My requirement is to split a json file in rows for each element within the json. I order to do that I've figure it out that the query to split by rows is something like this:

SELECT EXPLODE(SPLIT(regexp_replace(json_string, '}, "ChIJA7Vlp5iZpBIRo8rMYZedIDo": {', '}\n{'), '\n')) AS json_exploded

Where as you can see the only sequence that allows me to split by rows is this one:

}, "A CODE OF 27 ALPHA CHARACTERS": {

the thing is that this string within the expresion is changing for every element within the json.

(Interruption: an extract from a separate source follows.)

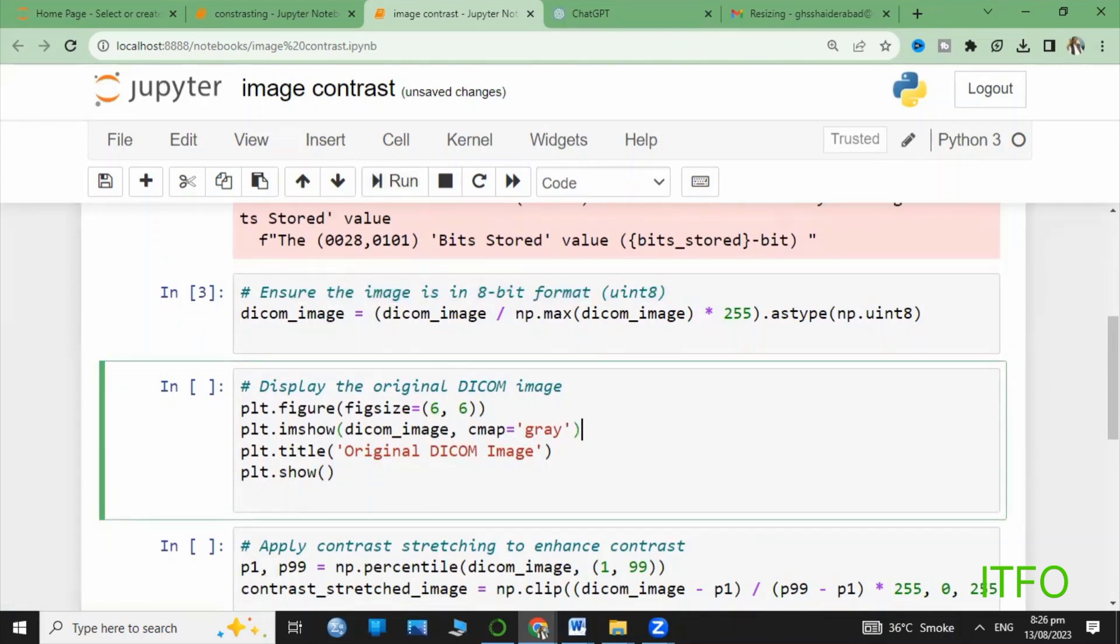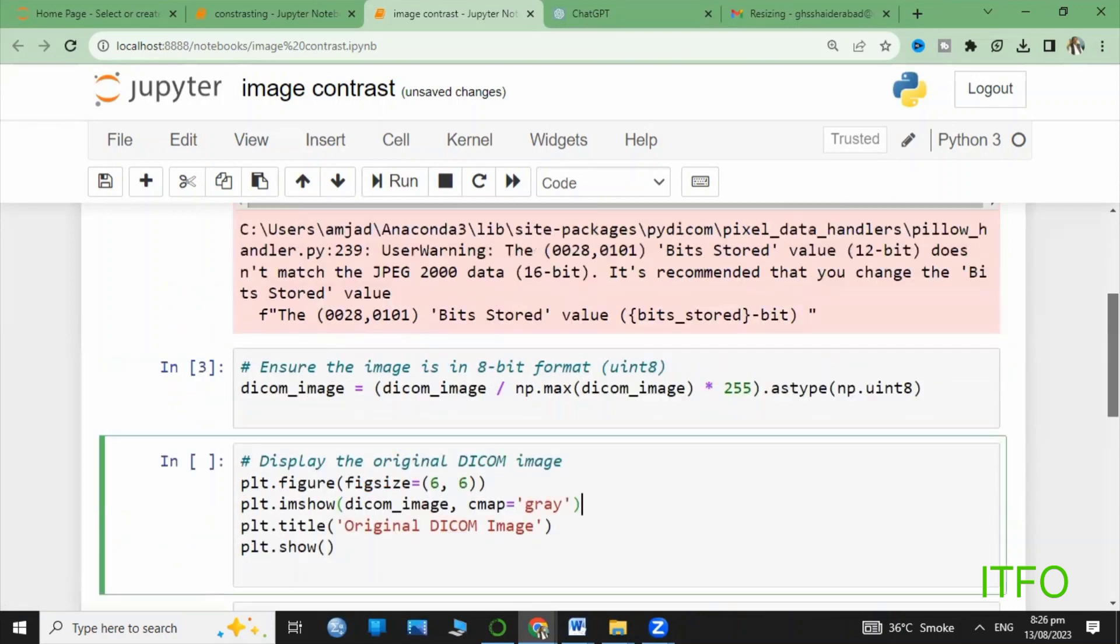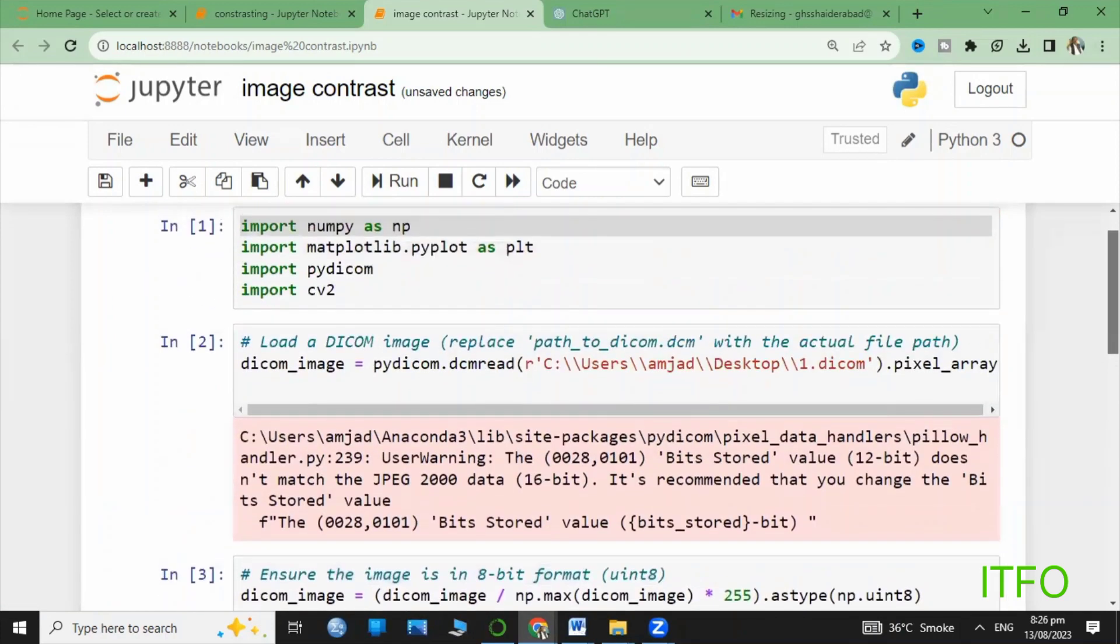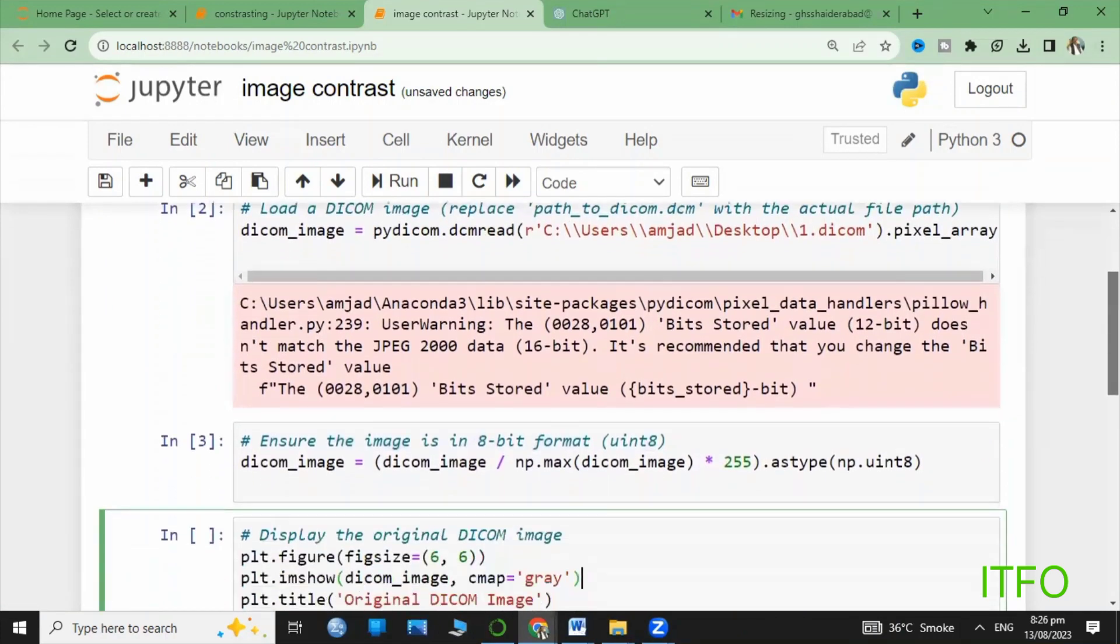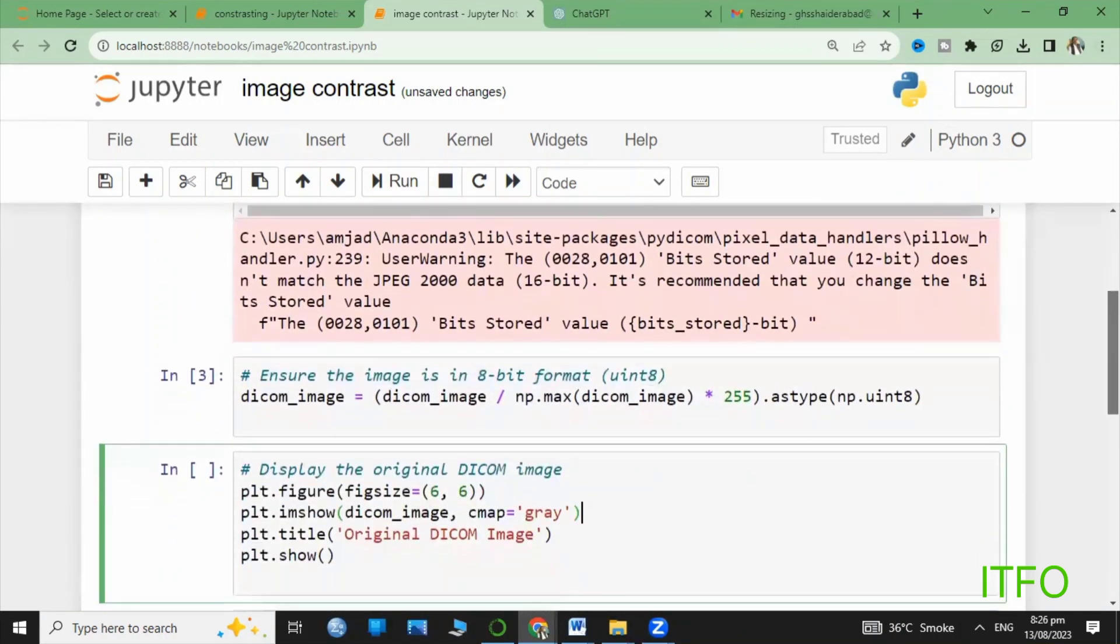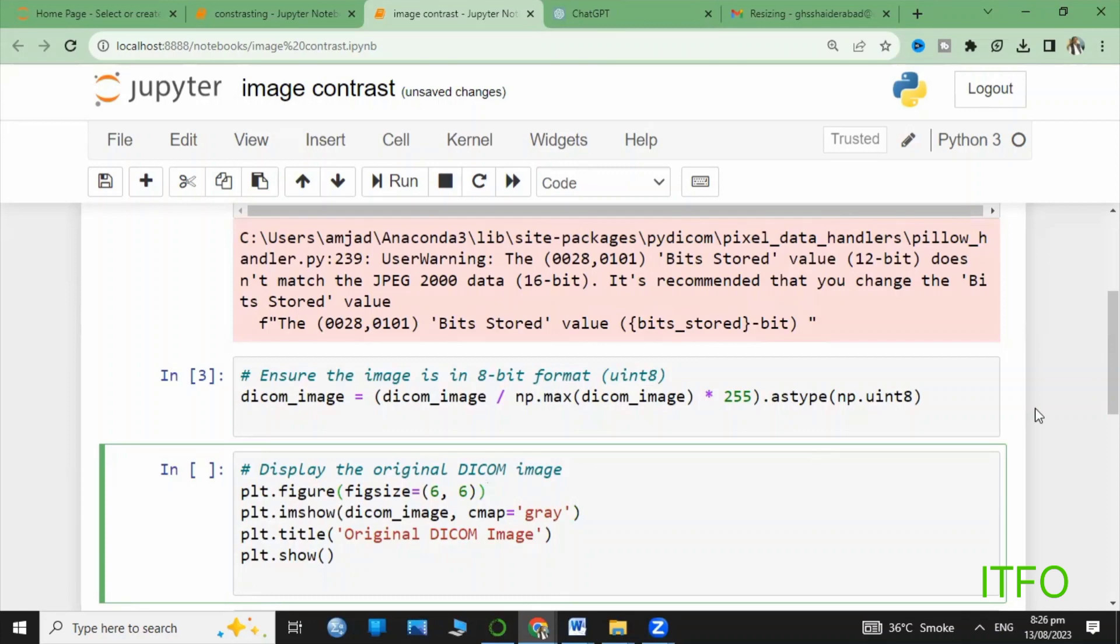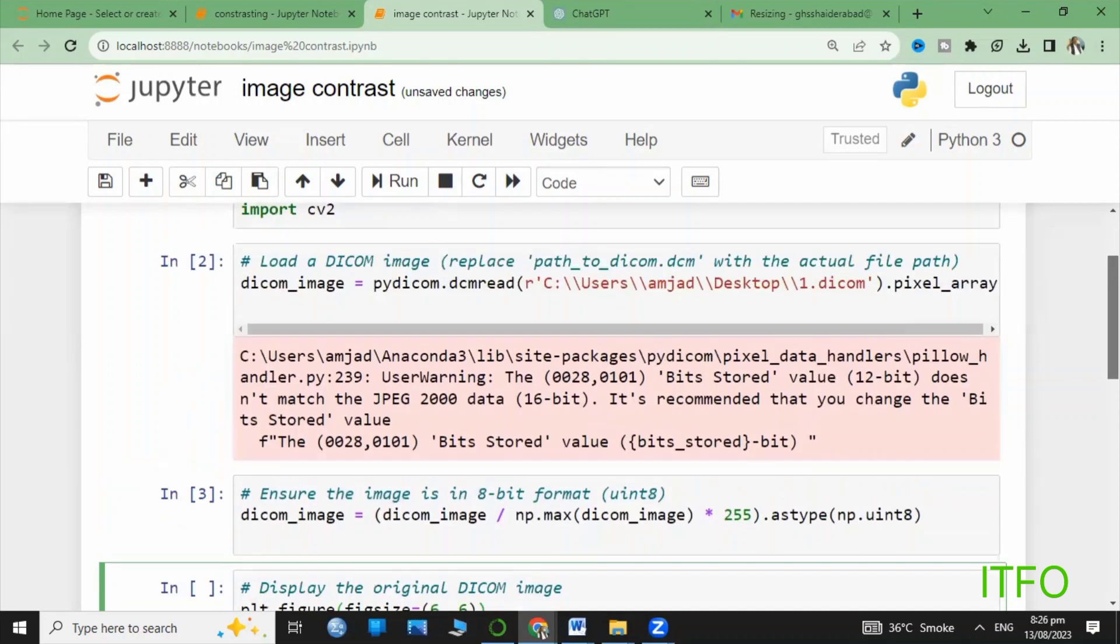Now we're going to apply the contrast stretching strategy. Let's enhance the image contrast using a technique called contrast stretching.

So I should find a pattern for this

}, "ChIJA7Vlp5iZpBIRo8rMYZedIDo": {

in order to replace it by this:

}\n{

So then, Which should be the regex for something like this:

}, "ChIJA7Vlp5iZpBIRo8rMYZedIDo": {

Can you help please?

CodePudding user response：

You haven't said which programming language you are using. Many languages support extract/replace by groups. The following regex contains three capturing groups

(.*\}, ")(\w*)(": \{.*)

$1 = SELECT EXPLODE(SPLIT(regexp_replace(json_string, '}, "
$2 = ChIJA7Vlp5iZpBIRo8rMYZedIDo
$3 = ": {', '}\n{'), '\n')) AS json_exploded

Which can be refered to with $1 $2 $3 or \1 \2 \3 depending on the programming language that you are using.
The expression $1\n$3 or \1\n\3 would therefore equal SELECT EXPLODE(SPLIT(regexp_replace(json_string, '}, "\n": {', '}\n{'), '\n')) AS json_exploded

CodePudding user response：

I'm connected to an EMR Cluster (spark under the hood) through a Thrift Server so that I can query json files from DataGrip.

SELECT regexp_replace('{{ "timestamp": "20220302_145927", "hexagon": "8839446009fffff", "city_code": "BCN"}, "ChIJ_7Vlp5iZpBI-o8rMYZedIDo": {"raw_data": {"business_status"}}'
                                    , 'REGEX_PATTERN_HERE'
                                    , '\n') AS string_fixed

So if I replace that chunk of the string:

}, "ChIJA7Vlp5iZpBIRo8rMYZedIDo": {

by a '}\n{'

later I will be available to split by them and I will my rows.